I finally submitted the fellowship application I've been sweating over for the past month and a half. When I returned to the precis I thought I had finished (the precis I had posted here), I realize it needed to me sexier. Here's the new version. Again, I'm curious what you think (for long comments, try using the twin site at www.dolor.blog-city.com or emailing me).
Pain is a fundamental evil. Understanding pain and its place in human life is a fundamental religious and ethical concern. From Pandora, to Job, to the Buddhists' first Noble Truth that all life is suffering, to modern secular questions about the value of life, all philosophical and religious traditions have struggled with pain's evil. From the source of our moral obligations and our understanding of what makes life good, to the role of suffering in redemption and the idea of a just god, making sense of pain is making sense of humanity. Yet, despite its central place in our understanding of ourselves and of what matters most, virtually everyone has misunderstood what pains are and therefore wherein their evil lies. I shall give a new account of both.

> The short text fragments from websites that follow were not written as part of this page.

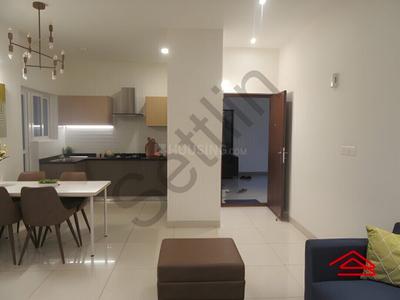 Hall Image of 1000 Sq.ft 2 BHK Apartment / Flat for sale in Adarsh Greens by Adarsh Developers, Kogilu Bengaluru for Rs. 10000000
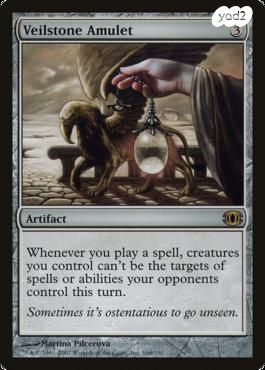 1xVeilstone Amulet MTG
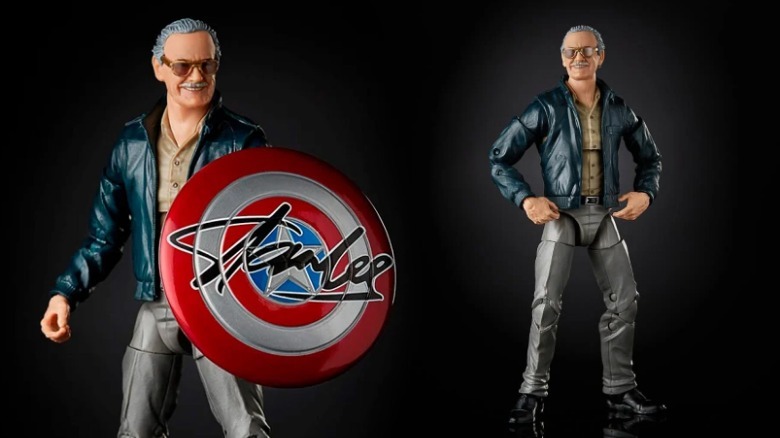 Marvel Legends Stan Lee action figure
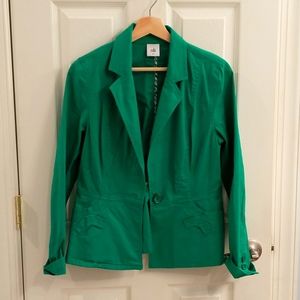 CABI size small green blazer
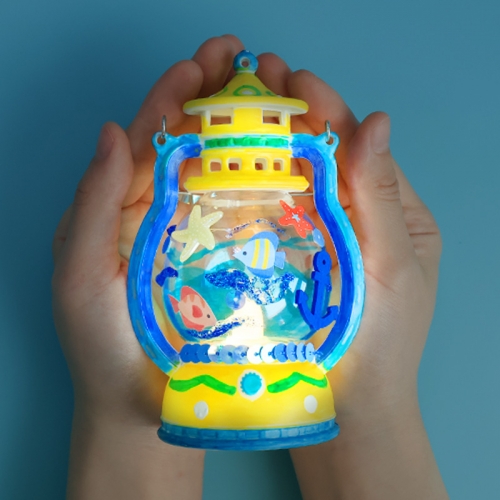 컬러링 여름 랜턴 1set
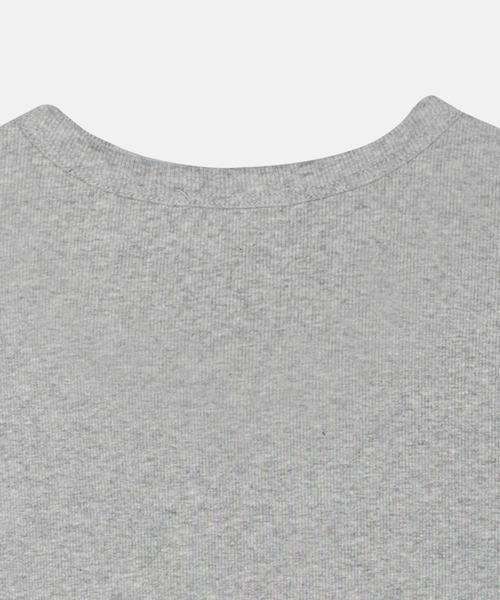 3.3 Field Trip （3.3フィールドトリップ）の「3.3 Field Trip／タッチＴシャツ（Tシャツ/カットソー・レディース・グレー/アイボリー/ライトブルー・FREE）」の8枚目の写真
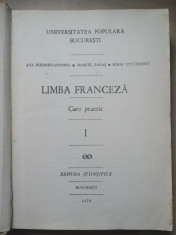 LIMBA FRANCEZA CURS PRACTIC - Marcel Saras, Mihai Stefanescu (vol. 1) foto
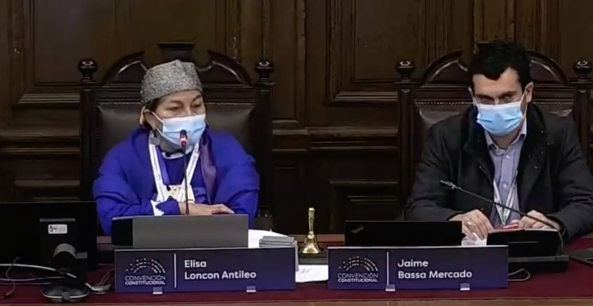 Elisa Loncon respondió a dichos de Marinovic con discurso en la Convención llamando al amor y la tolerancia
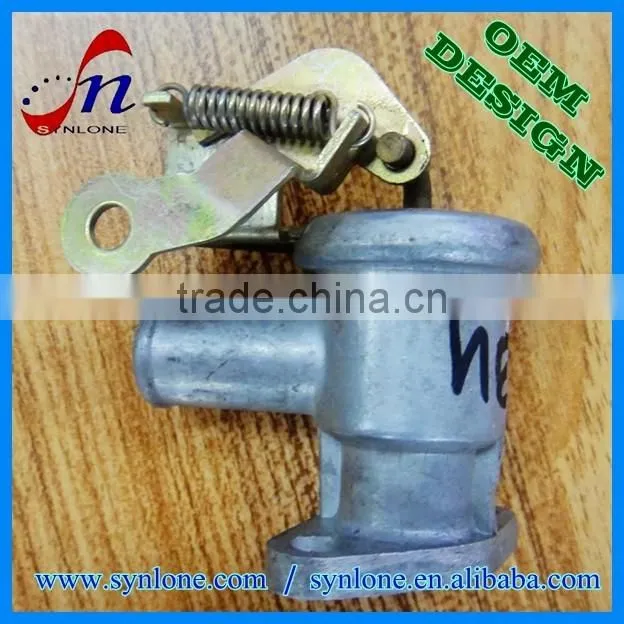 High quality high precision thermostat valve for auto part with 100% inspection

This is a dissertation on pain's intrinsic badness. It is also a dissertation on the nature and sources of value. The account I shall give yields insights into perennial philosophical questions including, inter alia, the ubiquity of reasons to alleviate other's pains; the nature of rationality; the role of subjective desire in ethics; the possibility of reducing value to natural properties; the value of autonomy; the nature of torture; and the normative significance of animals' pain.